Liking of apples - more than juiciness

In a previous blog it was shown using literature data that liking of apples was related to juiciness. However, there were some questions

  1. Is the relation linear or slightly curved? 
  2. The variation in liking around CJuiciness is large. Are more explanatory variables needed?
  3. So, what drives CJuiciness?
In this post it becomes clear that indeed there is more to liking of apples than just juiciness. 
Error in average scores
The paper of Peneau et al. uses Tukey's post hoc test to examine the differences between the products. The test is performed within the weeks.

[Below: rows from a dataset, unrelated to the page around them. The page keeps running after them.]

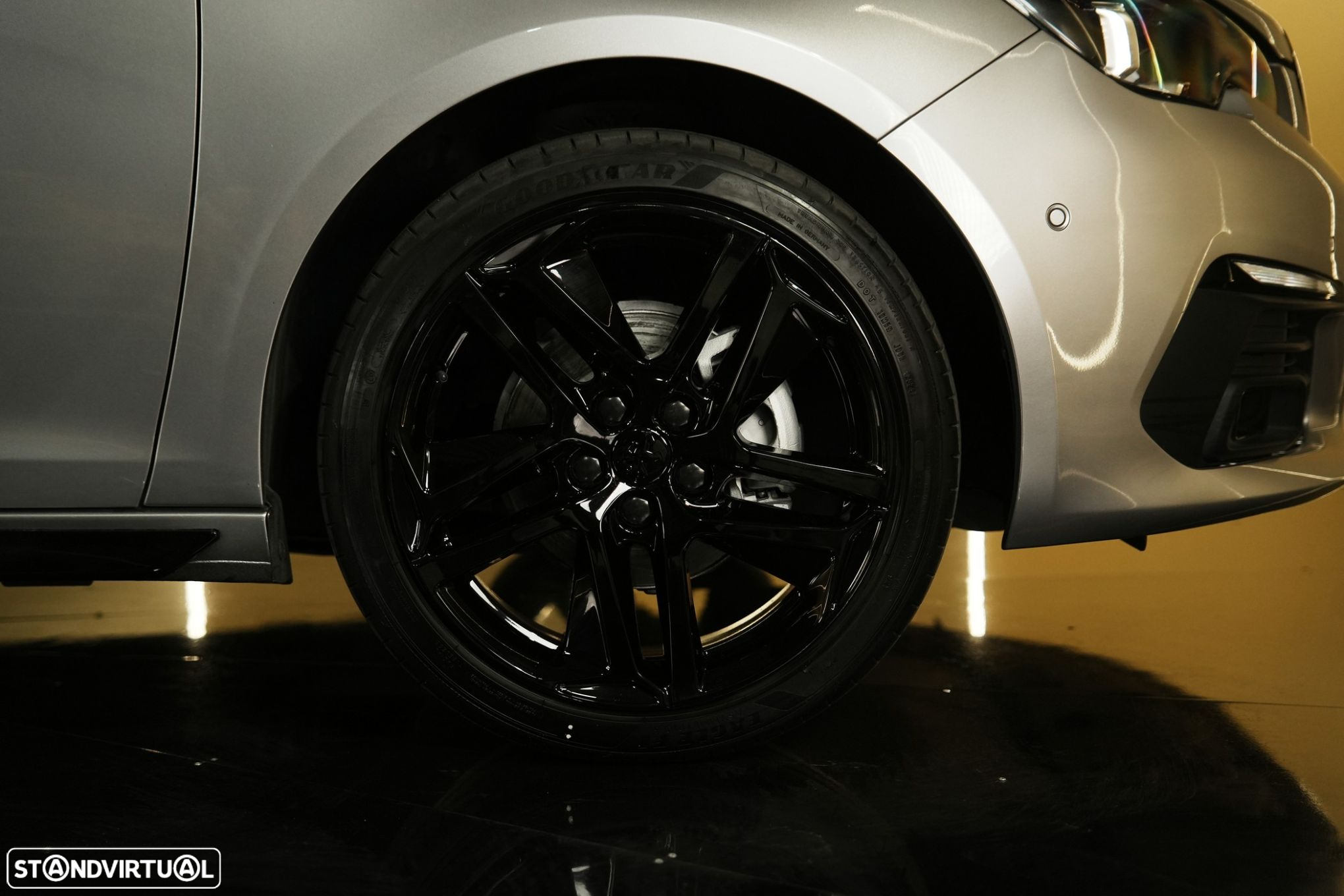 Peugeot 308 1.5 BlueHDi GT Line EAT8 - 7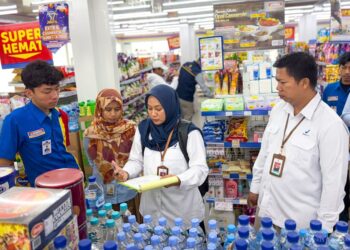 Otorita IKN Perketat Standar Keamanan Produk Pangan di Nusantara Menjelang Nataru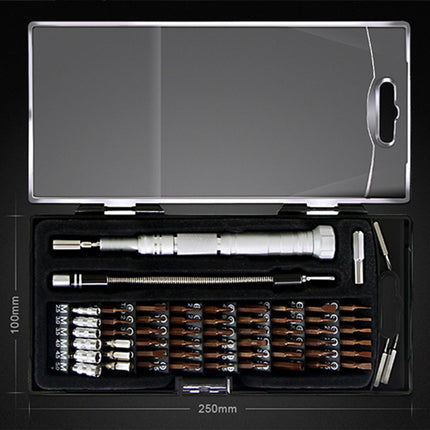 61-Piece Screwdriver Repair Kit - Hand Tools Set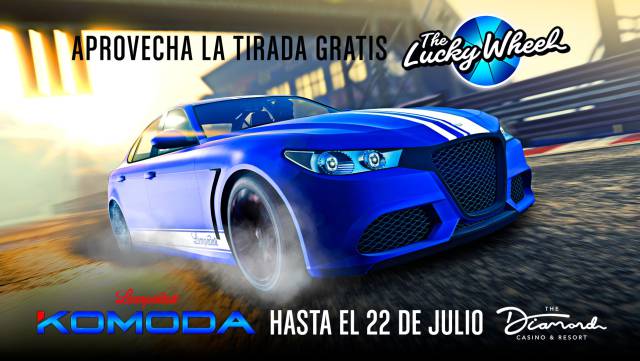 Gta Online Triple Recompensa En The Vespucci Job Descuentos En Coches Y Mas Meristation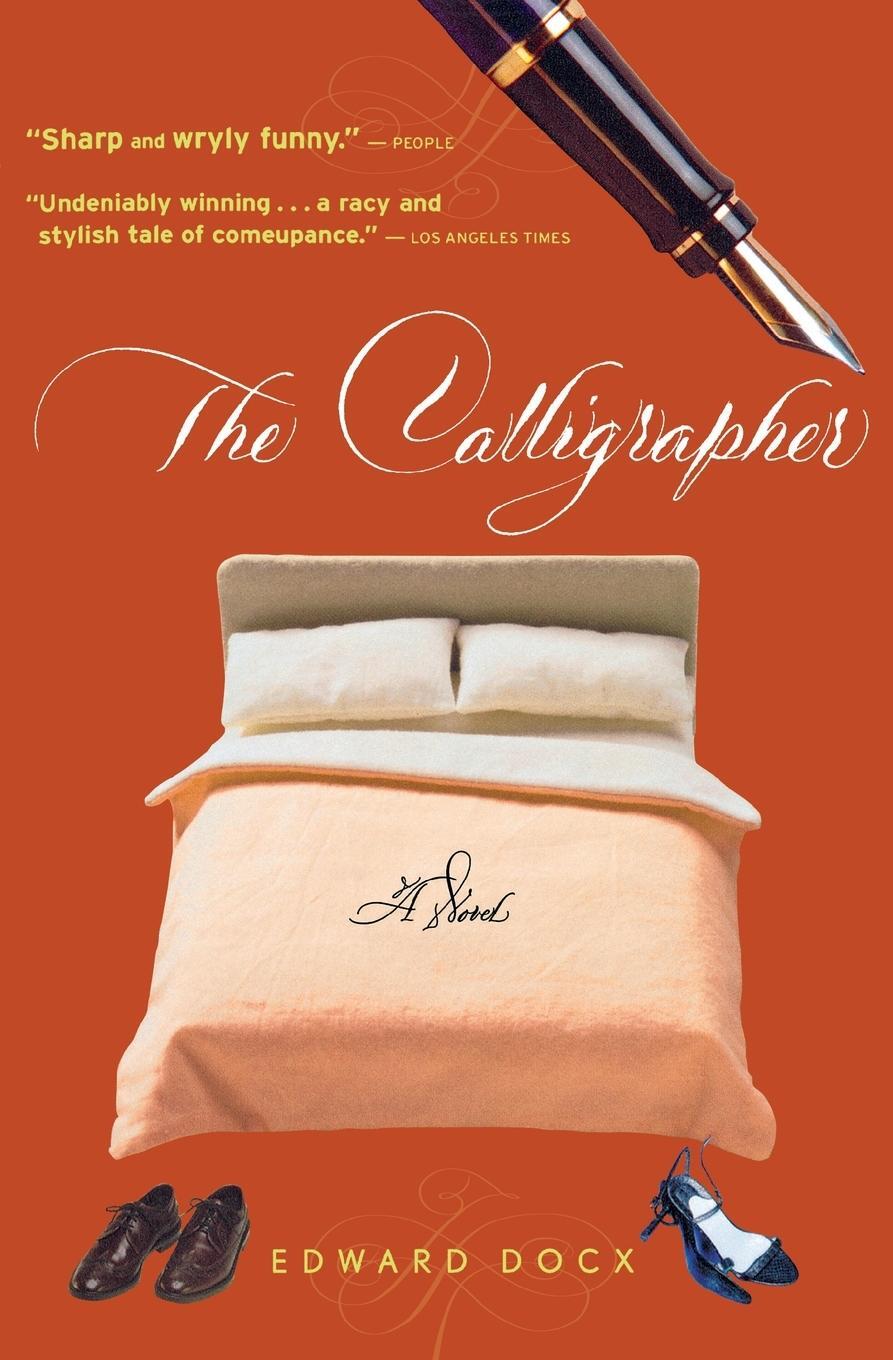 Cover: 9780618485345 | The Calligrapher | Edward Docx | Taschenbuch | Paperback | Englisch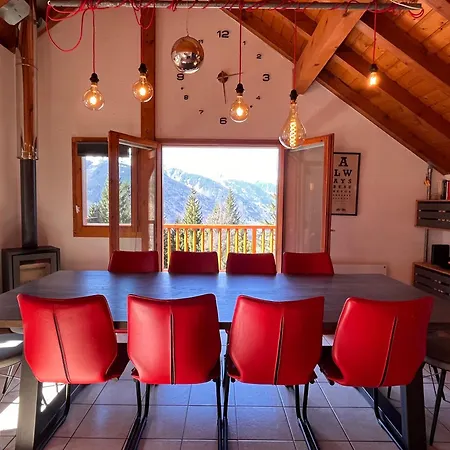Ruim 200m2 - Infrarood-sauna - Vlak Bij De Piste Chalet Oz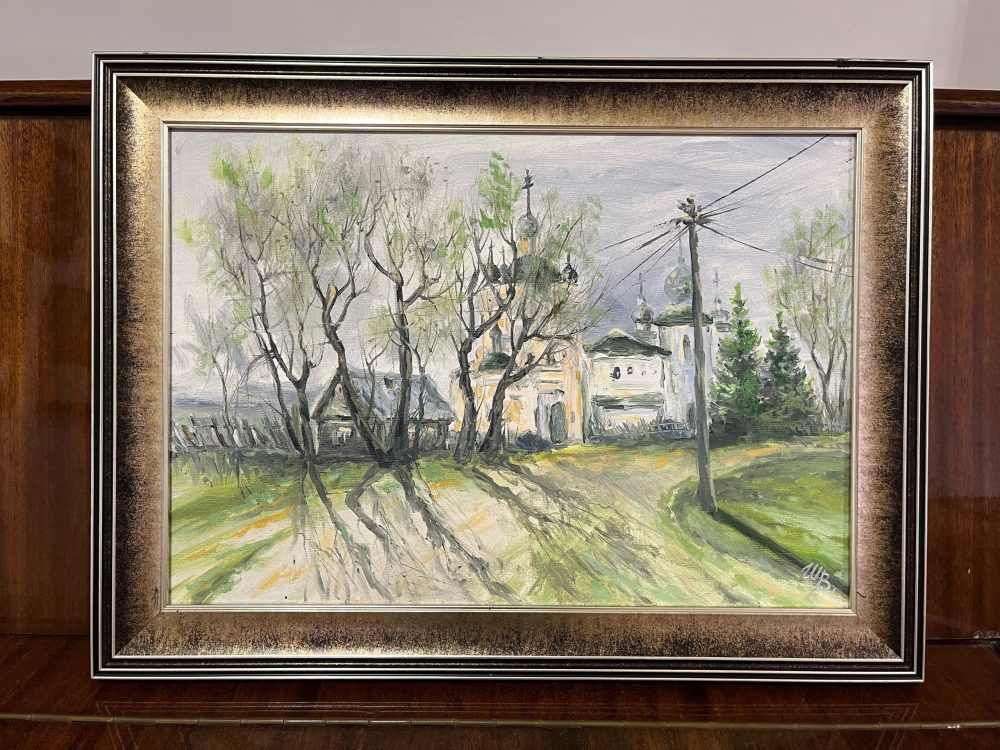 выставка, нелидово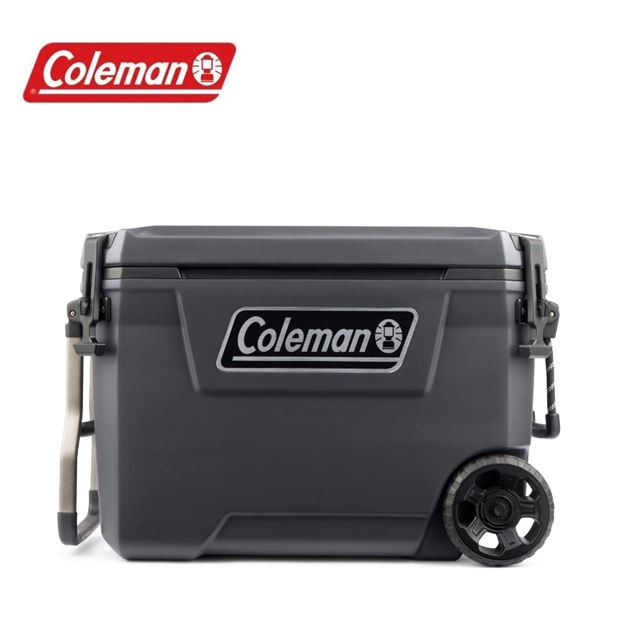 Coleman Convoy 65QT Wheeled Cooler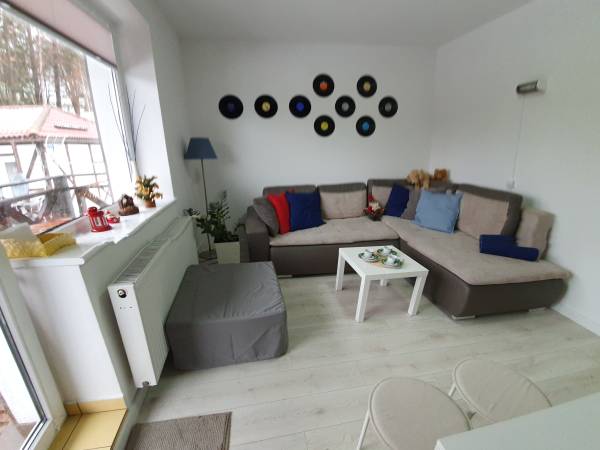 Apartament Bluesik & Green Apartments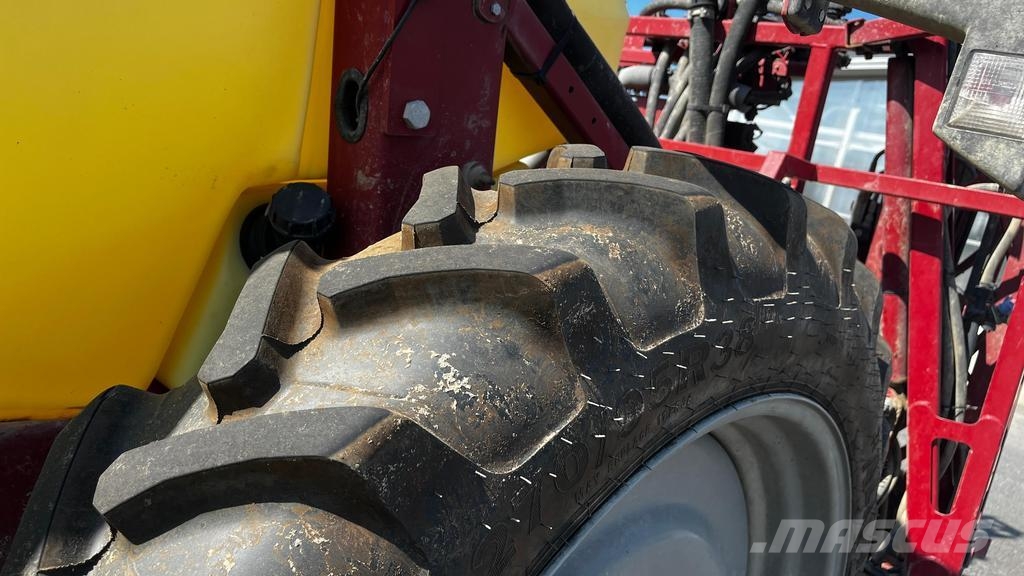 Hardi RANGER 2500 24M Selvdrevne sprøyter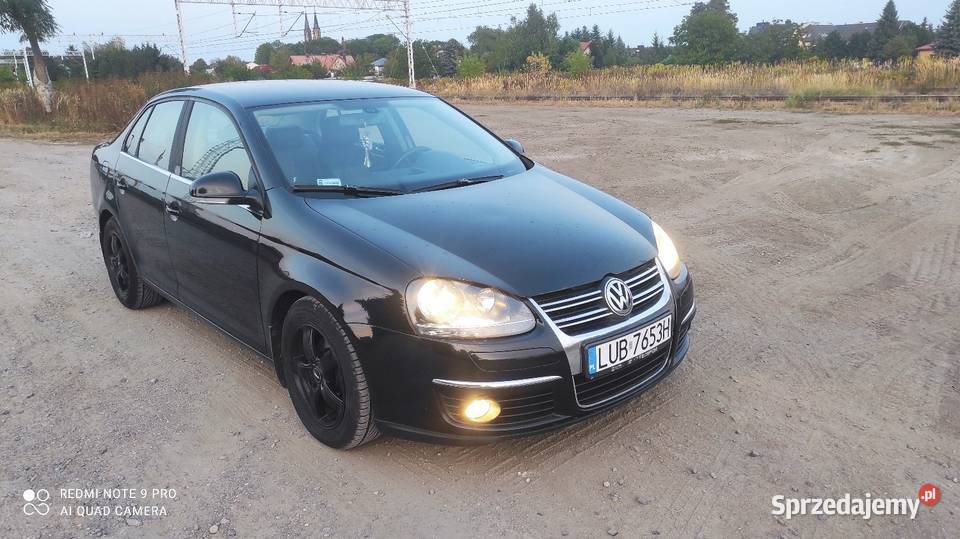 Volkswagen Jetta 19Tdi Salon Polska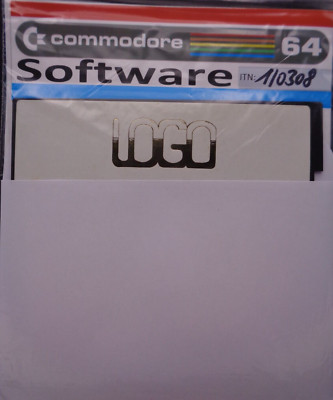 COMMODORE 64/128 -- LOGO (STARBYTE - DISK)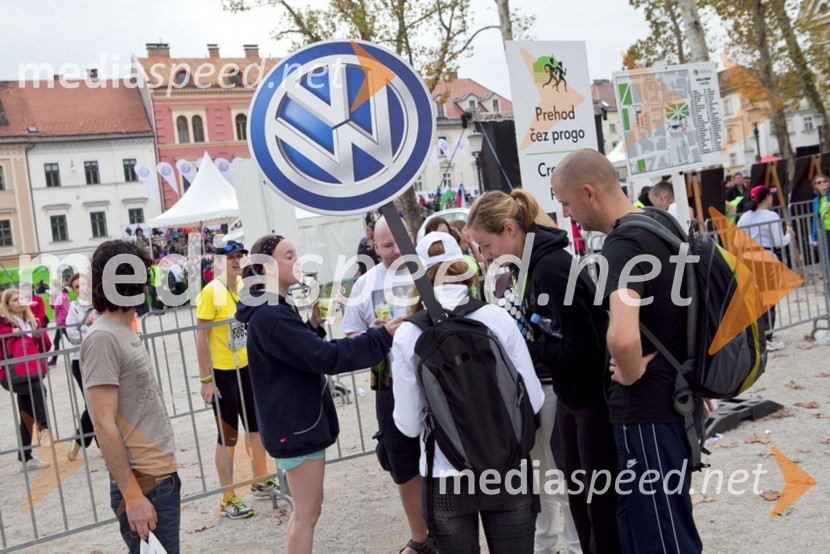 18. Ljubljanski maraton 2013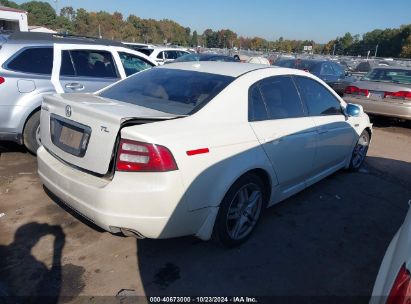 Lot #2992822943 2008 ACURA TL 3.2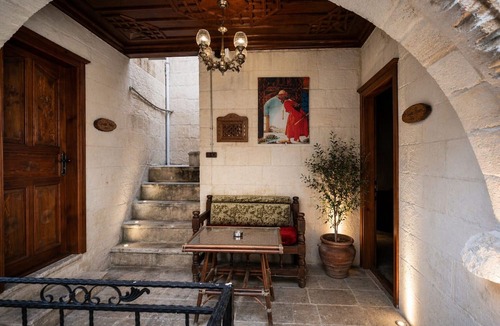 Eyyubiye Hotel | Palmyra Boutique Hotel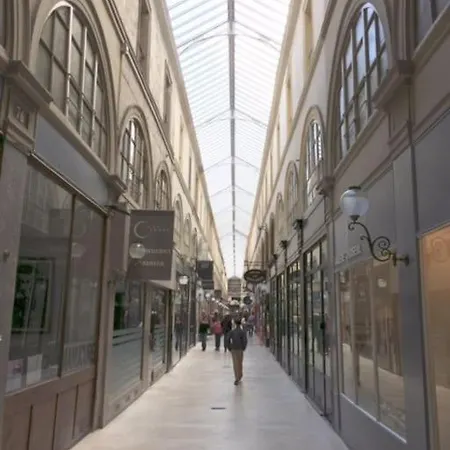 Appartamento Paris, Opéra 1... Comme Chez Soi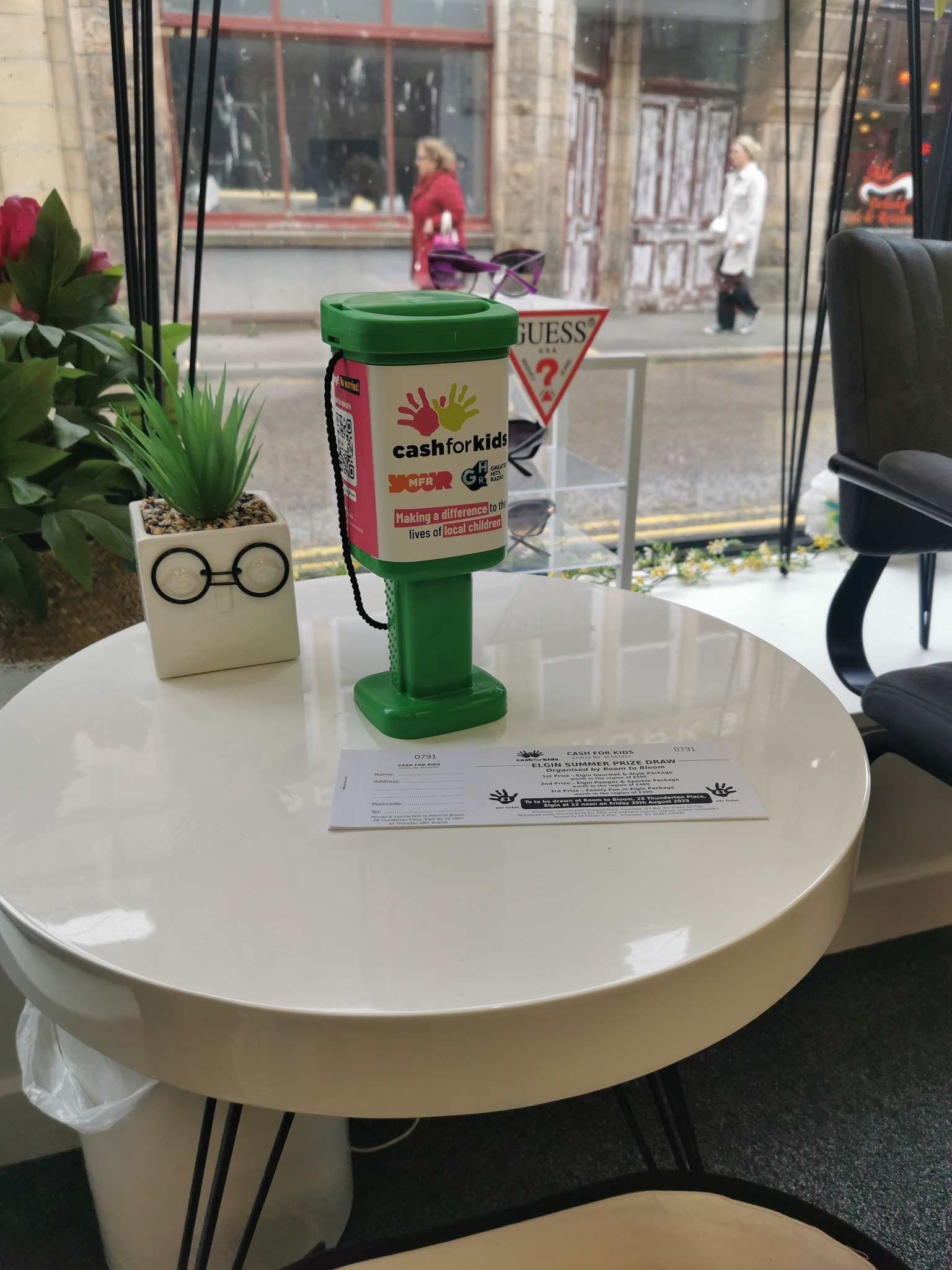 Lloyd Griffiths Eyecare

First we use the data to retrieve at what difference the test shows significant differences.
library(xlsReadWrite)
library(plyr)
library(ggplot2)
library(locfit) 
#get data as before 

datain <- read.xls('condensed.xls')
#remove storage conditions
datain <- datain[-grep('bag|net',datain$Products,ignore.case=TRUE),]
#create week variable
datain$week <-  sapply(strsplit(as.character(datain$Product),'_'),
   function(x) x[[2]])
#function to extract pairwise numerical differences and significances 
extract.diff <- function(descriptor) {
  diffs1 <- ldply(c('W1','W2'),function(Week) {
        value <- 
            as.numeric(gsub('[[:alpha:]]','',
               datain[,descriptor]))[datain$week==Week]
        sig.dif <-    
            gsub('[[:digit:].]','',datain[,descriptor])[datain$week==Week]      
        dif.mat <- outer(value,value,'-')
        sig.mat <- outer(sig.dif,sig.dif,function(X,Y) {
              sapply(1:length(X),function(i) {
                    g1 <- grep(paste('[',X[i],']'),Y[i])
                    length(g1>0)
                  })
            })
        data.frame(dif.val = as.vector(dif.mat), dif.sig = 
                as.vector(sig.mat),Week=Week,descriptor=descriptor)
      })
  diffs1
}



likedif <- extract.diff("CLiking")
likedif <- likedif[likedif$dif.val>=0,]
g <- ggplot(likedif, aes(dif.val,dif.sig))
g + geom_jitter(aes(colour=Week),position=position_jitter(height=.05))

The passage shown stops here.